Salt molecules are made of sodium ions and chloride ions.
(An ion is an atom that has an electrical charge because it has either gained or lost an electron, also meaning it has a positive charge and a negative charge.)
When you put salt in water, the water molecules pull the sodium and chlorine ions apart so they are floating freely, increasing the conductivity. These ions are what carry electricity through the water with an electric current. In short, saltwater (water + sodium chloride) can help to produce electricity. While this can be done on a large scale, let's try a small-scale fun science project to see how it works! A project like this would make a great science fair project for elementary or middle school.
DIY Saltwater Circuit Project
What You Need:
- Cup or beaker
- Masking tape
- Water (can be tap water)
- Insulated copper wire
- Salt (table salt)
- 9-volt battery
- Aluminum foil
- A 3.7-volt light bulb in a socket (or buzzer)
- Tongue depressors (or popsicle sticks)
What You Do:
- Wrap two tongue depressors in aluminum foil.
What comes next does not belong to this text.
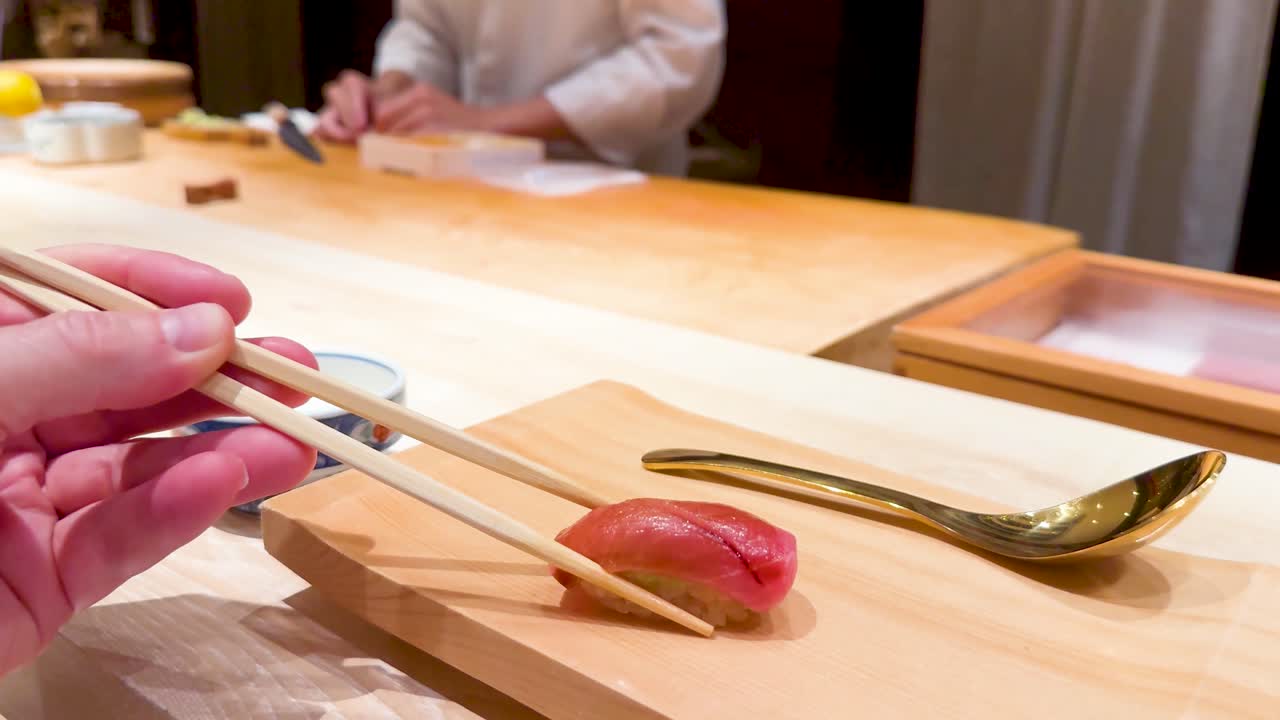 шеф-повар готовит суши в японском ресторане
These will be your electrodes.
- Cut three 6-inch pieces of insulated copper wire and strip a half-inch of insulation off each end.
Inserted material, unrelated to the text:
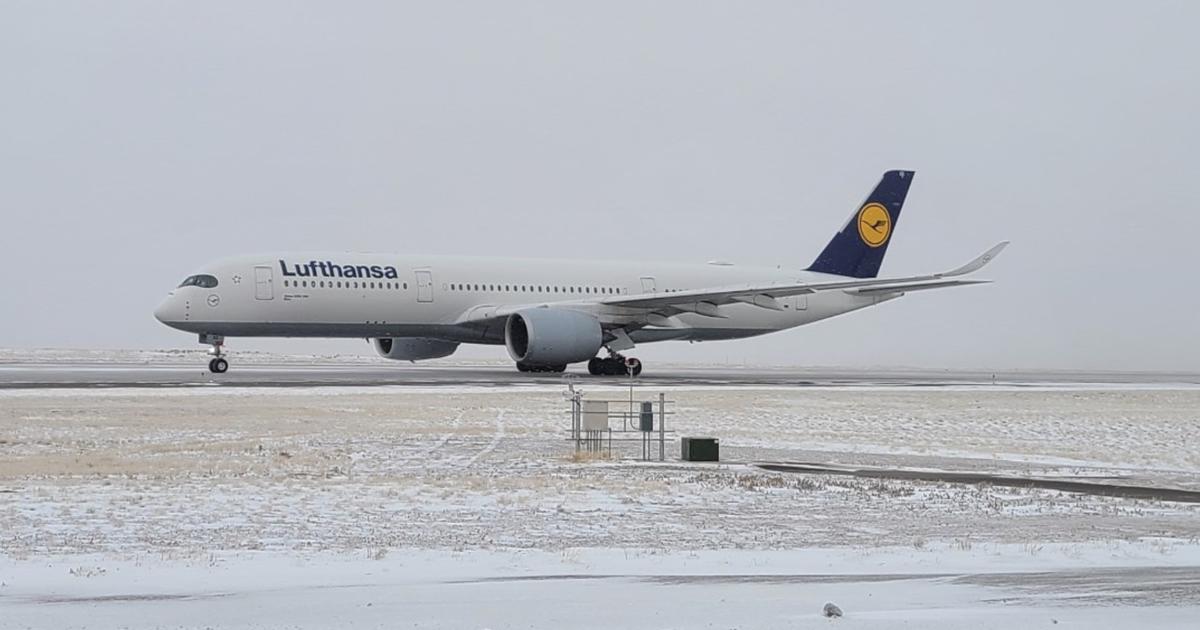 United Airlines opens new club at Denver International Airport - CBS  Colorado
- Connect one end of a wire to the positive terminal of the battery - hold it in place with masking tape. (If you are using a battery cap, connect it to the red wire.) Connect the other end of the wire to the light bulb socket. (Just wrap the wire around the bottom of the bulb, if you don't have a socket. You may have to secure it with tape.)
- Take the second piece of wire and connect the light bulb socket with one of the electrodes. Use masking tape to stick the bare end of the wire on the aluminum foil near the top of the electrode.
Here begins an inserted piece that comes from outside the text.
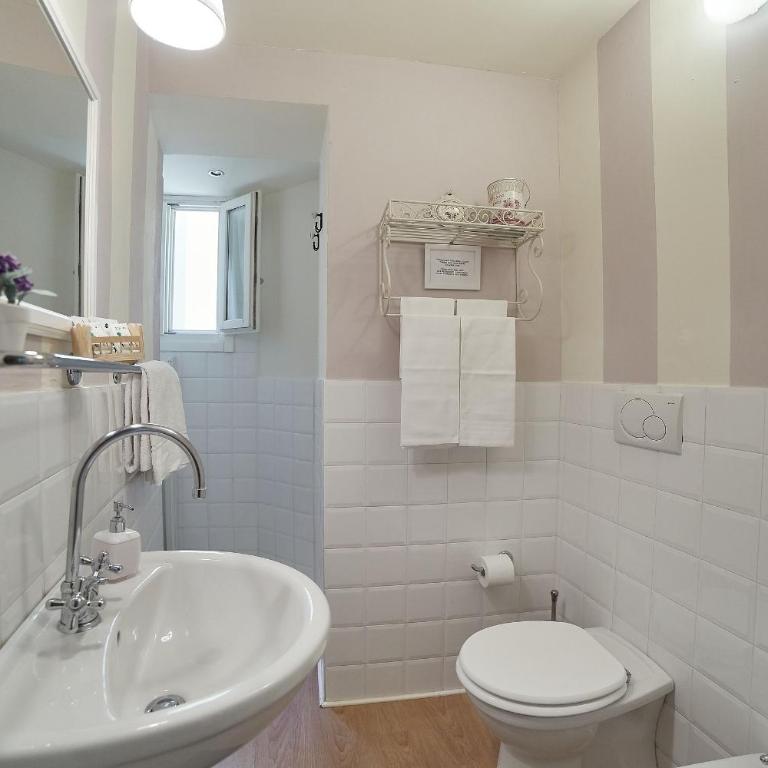 B&B Di Piazza Del Duomo - Camera Matrimoniale con Bagno Privato Esterno - 2
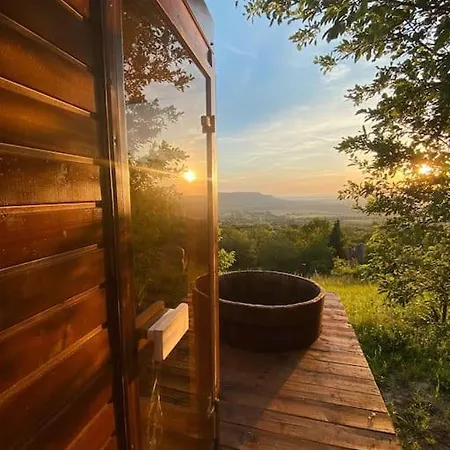 Holiday home Design & Panorama Sauna Varvolgy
- Use the third piece of wire to connect the negative terminal of the battery with the other electrode.
- Test out your circuit by touching the two electrodes together. This should complete the circuit and allow electricity to flow from one terminal of the battery to the other, lighting up the light bulb in the process. If the bulb doesn't light up, check your wire connections to make sure they are all secure, and then try again.
How to Test a Circuit in Water
- Pour 1 cup of water into a cup or beaker. (If you have distilled water, that will work best.)
- Put the two electrodes in the cup, but don't let them touch each other. What happens to the light bulb?
- Remove the electrodes from the cup and then stir in a teaspoon of salt until it dissolves. Put the electrodes in the saltwater without touching them together. Watch the light bulb.
The light bulb lit up because the sodium and chlorine ions conducted the electricity (an electrical current) from one electrode to the other. This completed the simple circuit, causing the light bulb to shine.
Try adding more table salt and see if the light bulb shines brighter. Use a buzzer instead of a light bulb and see if more or less salt in the water makes the buzzer ring louder or softer.
If you want to try another science experiment, you can complete this solar distillation project to get fresh water out of saltwater and then use your saltwater circuit to test the water you distill! Freshwater won't conduct electricity as well as saltwater.